Chiusi, di origini etrusche, poi romane, fu da sempre al centro della viabilità antica ed anche una delle prime comunità cristiane della Toscana. A partire dalle catacombe di Santa Mustiola (III secolo) il suo primato cristiano fu attestato anche con la nascita della sua Diocesi, una delle prime della Tuscia e che già nei primi anni del Trecento aveva un suo Vescovo: Lucius Petronius Dexter.

Fu proprio uno di questi antichi vescovi, Florentinus che fece costruire nel VI secolo un edificio basilicale dedicato al martire Secondiano che fu poi inglobato nell’attuale Duomo. Quella che però si credeva un’antichissima chiesa del Sesto secolo era probabilmente una riedificazione di qualcosa di ancora più antico poiché sotto il presbiterio sono stati portati alla luce alcuni resti ancora più antichi che fanno pensare ad un edificio di culto molto precedente.

Se le numerose trasformazioni architettoniche dei secoli passati (una delle più imponenti risale al XII secolo) ne hanno in parte compromesso la lettura storica, si deve ai restauri più moderni, come quello del Vescovo Pannilini (1775-1822) e quello diretto da Giuseppe Partini intorno al 1890 la buona conservazione dell’edificio.

La particolarità della Concattedrale di Chiusi però, al di là del miscuglio di stili che vi si possono trovare, sta proprio nelle stratificazioni artistiche e decorative che ne fanno un collage unico e raro. Si tratta dell’unione di caratteri paleocristiani e romani con motivi bizantino-ravennati. 

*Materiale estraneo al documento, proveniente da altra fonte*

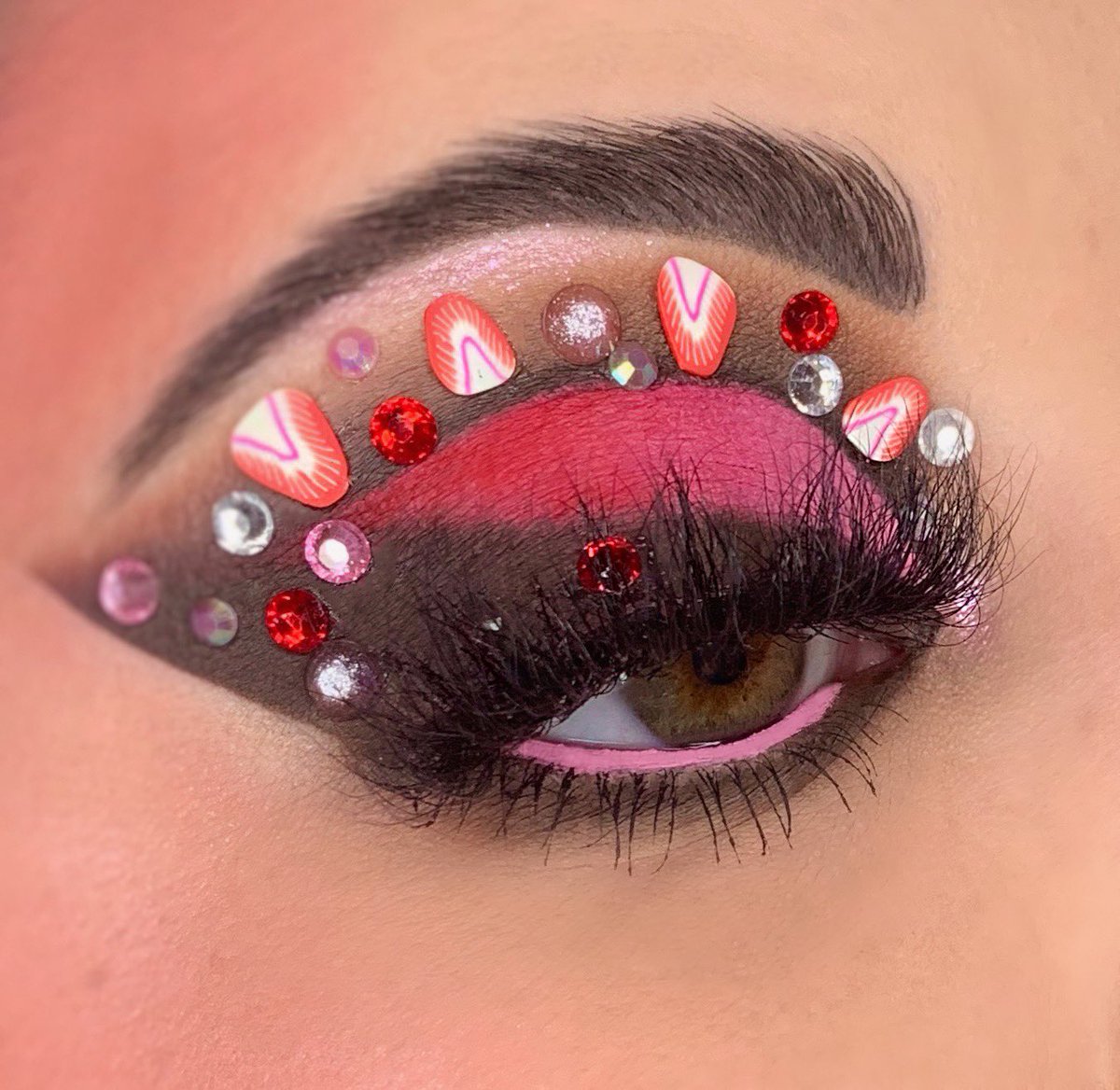 Chocolate covered Strawberries for V-Day 🥰 used Pink Religion, O**y, Extreme Frost, Oh My God VLL from JSC, <a href="/beautybay/">BEAUTY BAY</a> Wilderness palette, <a href="/ColourPopCo/">ColourPop Cosmetics</a> Luv Me Not heart blush, a bunch of stuff from Sheglam, Tatti Lashes TL5, ABH Brow pomade &amp; <a href="/Maybelline/">Maybelline New York</a> Falsies Lash Lift❤️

Gli scavi fatti negli anni Settanta del secolo scorso infatti portarono alla luce una basilica a tre navate molto più antica, con pilastri a forma quadrangolare e con il pavimento coperto da preziosi mosaici risalenti probabilmente al IV secolo. 

Curiosamente il suo campanile è isolato rispetto alla struttura, tanto che nel 1585 fu riadattato a torre difensiva. Diversi metri sotto di essa uno scavo portò alla luce un’antica piscina romana (I secolo a.C.).  

Entrando in chiesa possiamo constatare una sequenza iconografica che raffigura quasi perfettamente la serie dei santi e dei martiri presenti nelle catacombe di Chiusi, molti dei quali legati al culto di Santa Mustiola.

Proprio vicino alla porta di ingresso non sfuggono agli occhi attenti due epigrafi che risalgono agli anni 741-750 e che furono commissionate dall’allora vescovo Sinebuto. 

A destra un’edicola sorretta da due colonne appartenute alla distrutta chiesa di Santa Mustiola e già parte di quel ciborio voluto intorno al 728 dal duca Gregorio.

Nella navata sinistra invece spicca un’urna in pietra che contiene i resti di Santa Mustiola. Questo corpo fu riesumato dal suo originale sepolcro (V secolo) e messo lì solo nel 1474.

Nella stessa navata è adagiato un sarcofago di origine romana senza copertura e con inciso il monogramma cristologico A e O. Non è facile datarlo anche se esemplari molto simili a questo sono stati fatti risalire al III secolo dopo Cristo.

Nel presbiterio si trova un coro di legno del XVII secolo, mentre nella navata sinistra la Cappella del Santissimo Sacramento. Quest’ultima benché costruita solo nel 1801, conserva al suo interno una bellissima pala del Fungai (inizio XV secolo) rappresentante l’Adorazione del bambinello tra S. Secondiano e S. Girolamo.

Sulla contro facciata, ai lati del portale principale, sono murate due iscrizioni del periodo longobardo (circa VIII secolo) provenienti anch’esse dalla primordiale Basilica di Santa Mustiola. Queste due tavole rappresentano un importante pagina della storia di Chiusi e raccontano come nel 729 d.C. il duca di questa città fosse Gregorio, nipote di Liutprando e sposato con Austreconda. Fu lui a farsi carico di uno degli ennesimi restauri dell’edificio.

Una cattedrale dunque ricca di storia e curiosità, assolutamente da visitare.